A U.S. federal court last year launched an auction of shares
in a parent of the Houston-based refiner to satisfy $21.3
billion in judgments for Venezuela's past expropriations and
debt defaults. The auction is due to wrap up this year and could
put the seventh-largest U.S. refiner by processing volume in the
hands of rivals or investors.
Management presentations began this week and the formal data
room will open at Citgo's headquarters, the people said. The
meetings kicked off a 45-day second bidding round that will
consider only binding offers.
Citgo wants to restrict data room access to serious bidders
and plans to press the issue this week with the court official
organizing the auction, one of the people said.
A Citgo spokesperson and a representative for the court
official declined to comment. Investment banker Evercore Group,
which is overseeing the auction's marketing, did not respond to
requests for comment.
Citgo is Venezuela's foreign crown jewel with three U.S.

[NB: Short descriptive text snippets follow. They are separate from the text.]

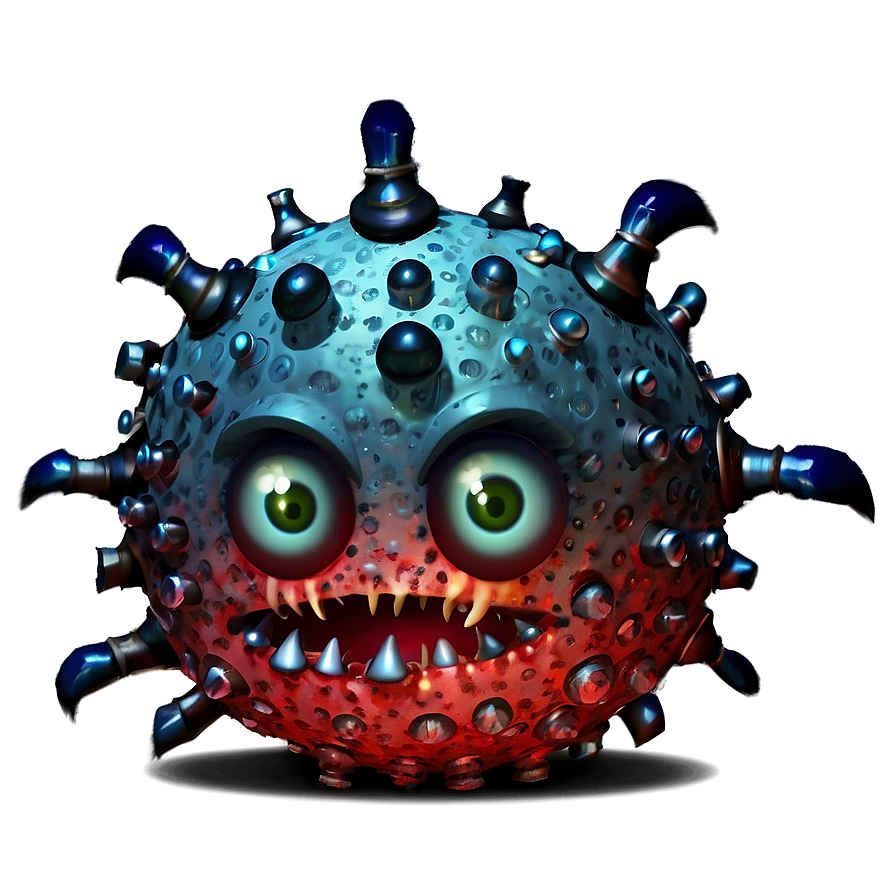 Angry Virus Cartoon Png 73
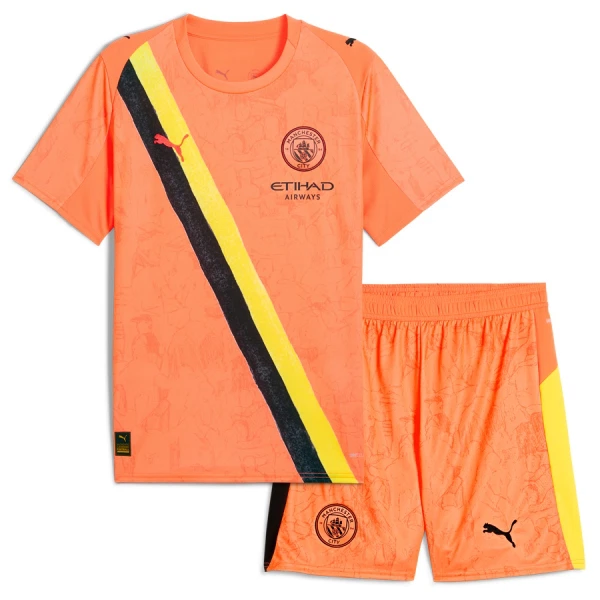 Manchester City KidSuper Maalivahdin Virallinen Paita Lapset 2025/26 Manchester City KidSuper Maalivahdin Virallinen Paita Lapset 2025/26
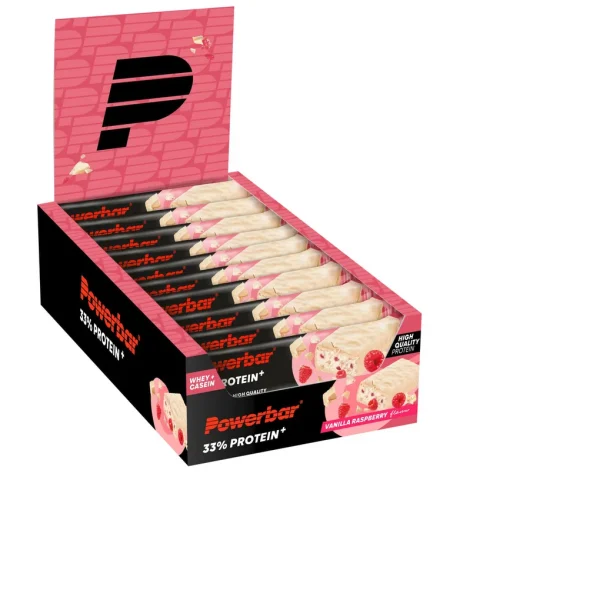 BarritaPowerBar ProteinPlus 33% Vainilla Frambuesa 10 unidades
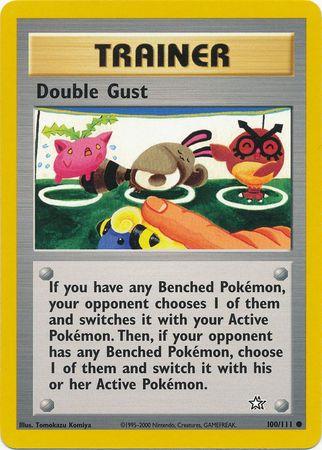 Double Gust (100/111) Unlimited [Vintage: Neo Genesis] Pokemon Single Pokémon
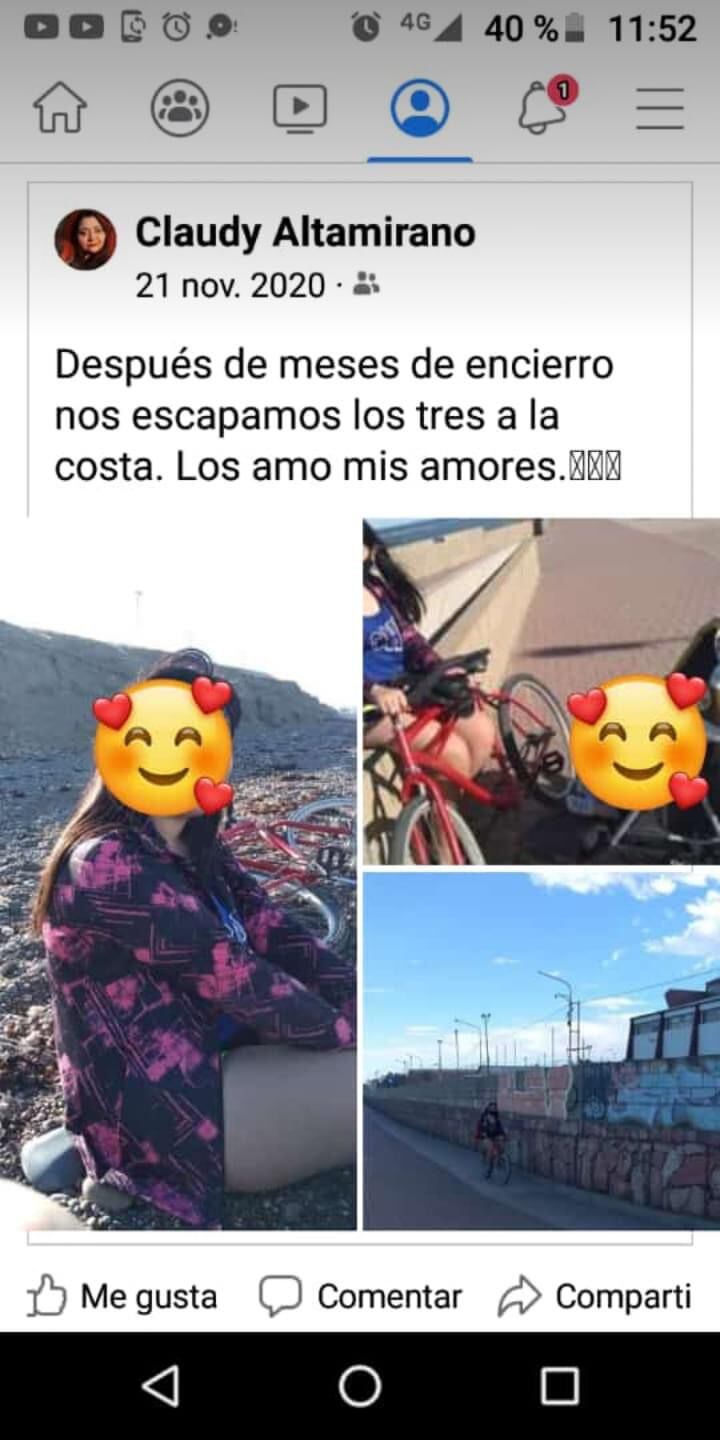 La damnificada compartió en su cuenta de Facebook las imágenes que probaban que era la dueña de la bicicleta,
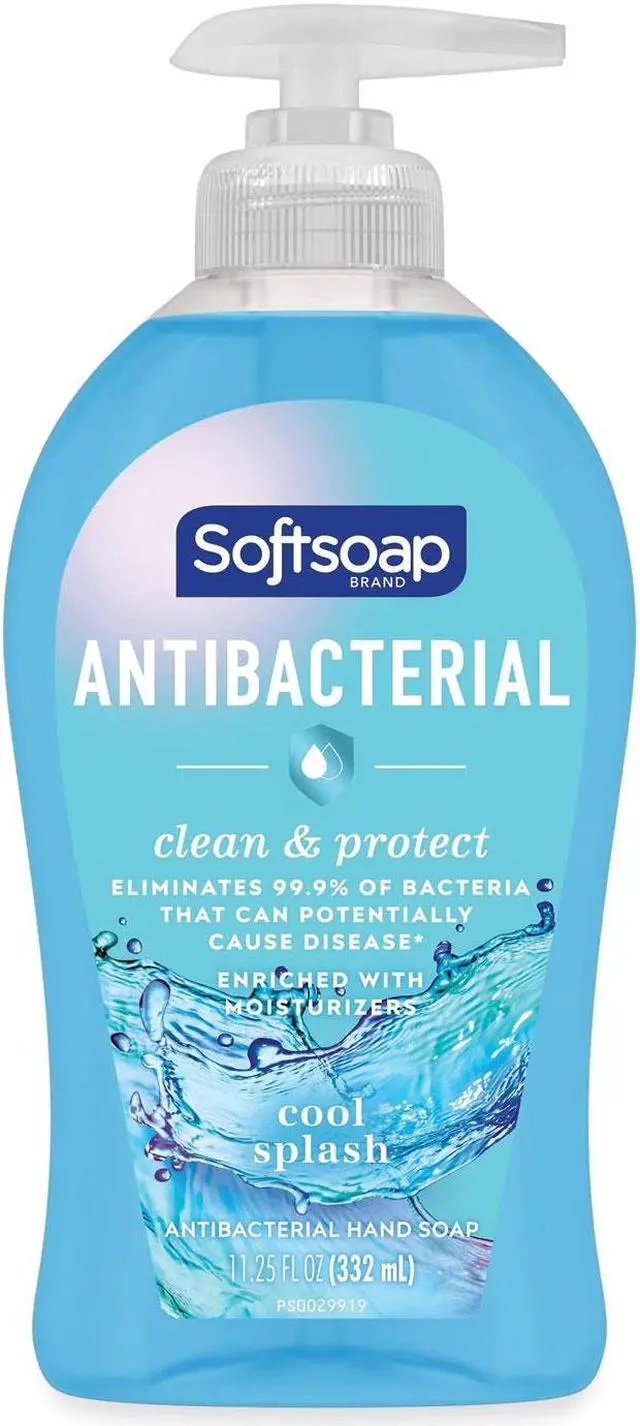 Alt view image 11 of 15 - Softsoap Antibacterial Liquid Hand Soap Cool Splash 11.25 Oz. (US07327A)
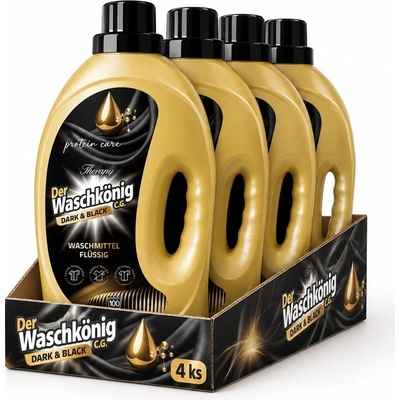 Waschkönig prací gel Protein Care Dark & Black 4 × 3 l 100 PD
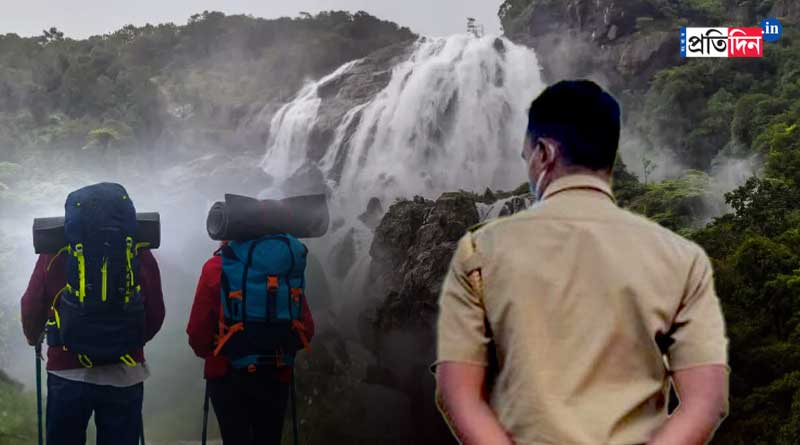 Tourists to Goa's Dudhsagar Falls Made to Do Sit-Ups, Video Goes Viral | Sangbad Pratidin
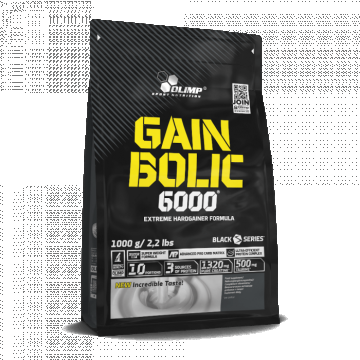 Gainer proteine zer Gain Bolic 6000 vanilie, 1000g, Olimp Sport Nutrition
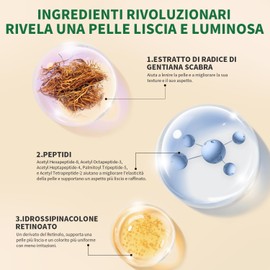 RAZUYEN Retinol Serum for Face, Anti-Wrinkle Face Serum with Vitamin E and Peptides, Rejuvenating Effect, Anti-Ageing and Moisturising for Mature Skin, 30 ml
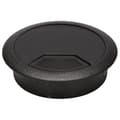 2 st 50 mm diameter skrivbords kabelgenomföringar hålöverdrag svart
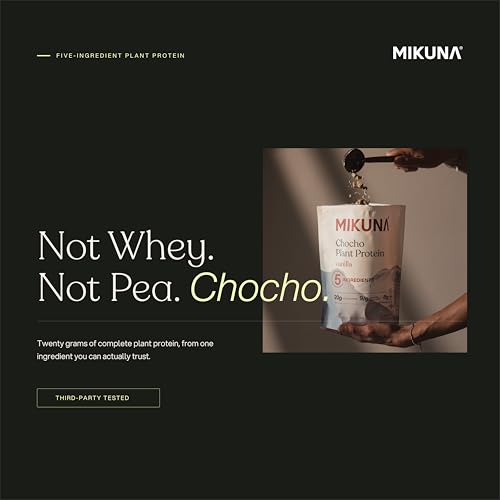 Image of Mikuna Chocho Plant Protein Powder, Vanilla - 20g Protein, 8g Fiber - Third-Party Tested, Vegan, Lectin Free - 15 Servings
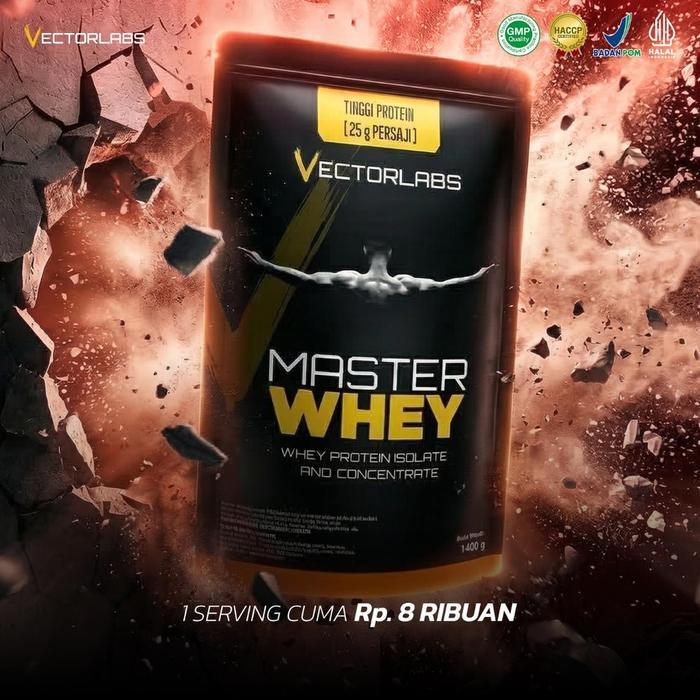 Ready Vectorlabs Vector Labs Master Whey Masterwhey Susu Whey Protein Isolate Concentrate 3Lbs 3 Lbs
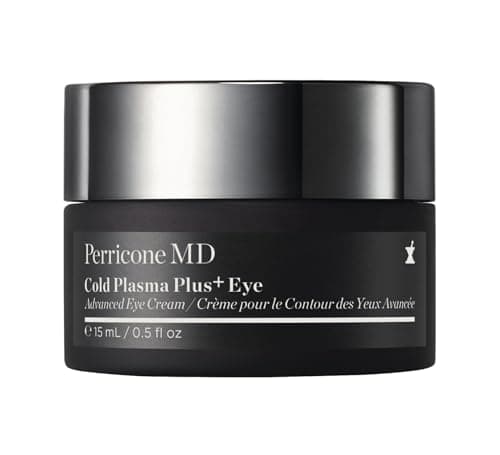 Image of Perricone MD Advanced Cold Plasma Plus+ Eye Cream 15ml– Targets Dark Circles, Puffiness, Crow’s Feet & Fine Lines – Firms & Lifts with Copper Tripeptides, Vitamin C Ester & Omegas, Fragrance-Free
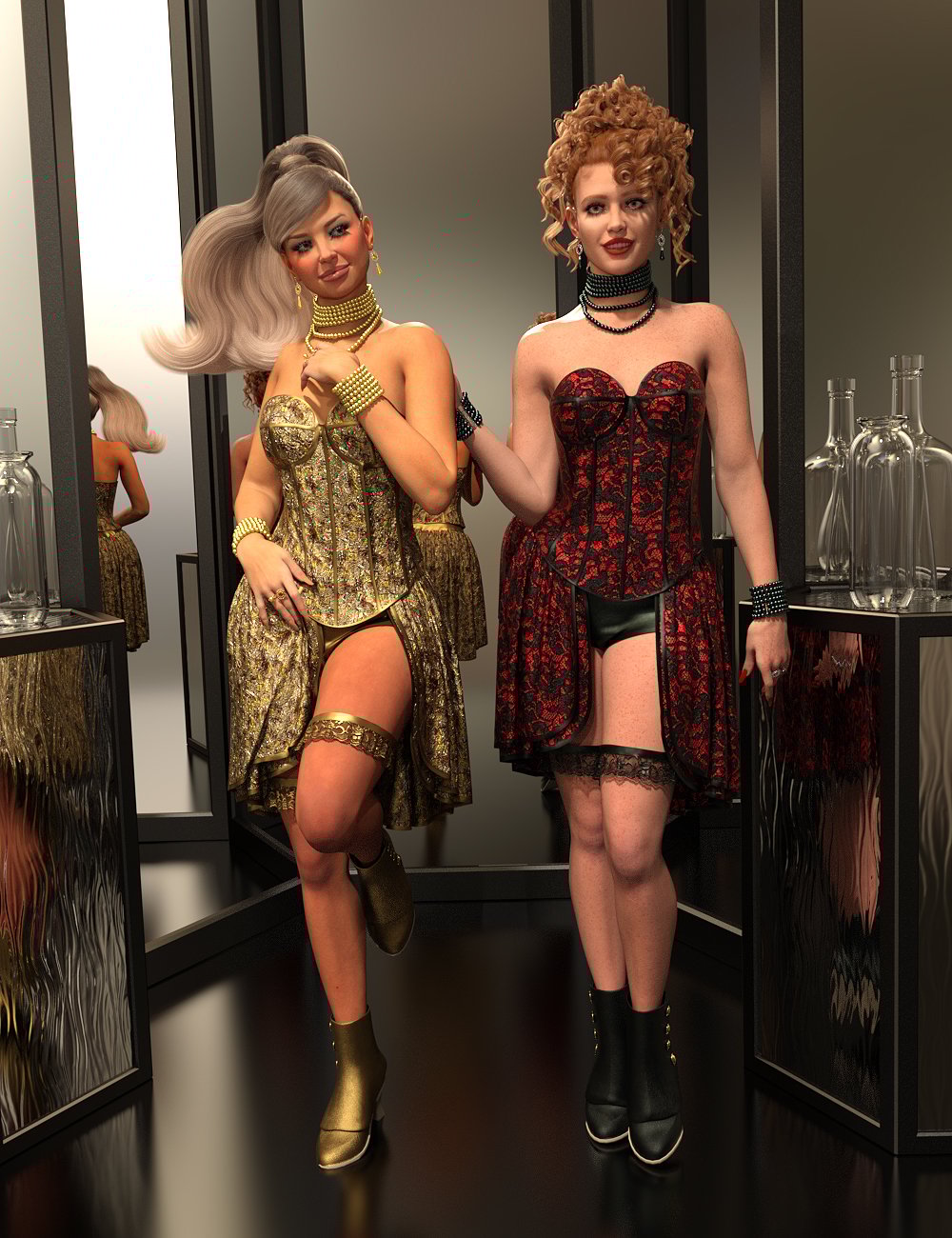 InStyle - dForce Sideshow Burlesque Outfit for Genesis 9 Add-On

refineries, pipelines, oil storage terminals and a retail
distribution network that spans nearly half of the United
States. It earned $2 billion last year.
About 30 parties signed confidentiality agreements and
received preliminary marketing information and a Citgo financial
model as part of the first bidding round, and 12 submitted
indications of interest in January, the court official leading
the process, Robert Pincus, has said.
That first round drew some creditors in the Delaware court
case who wanted to place credit bids, using the value of their
claims against Venezuela as part of their offer for the shares.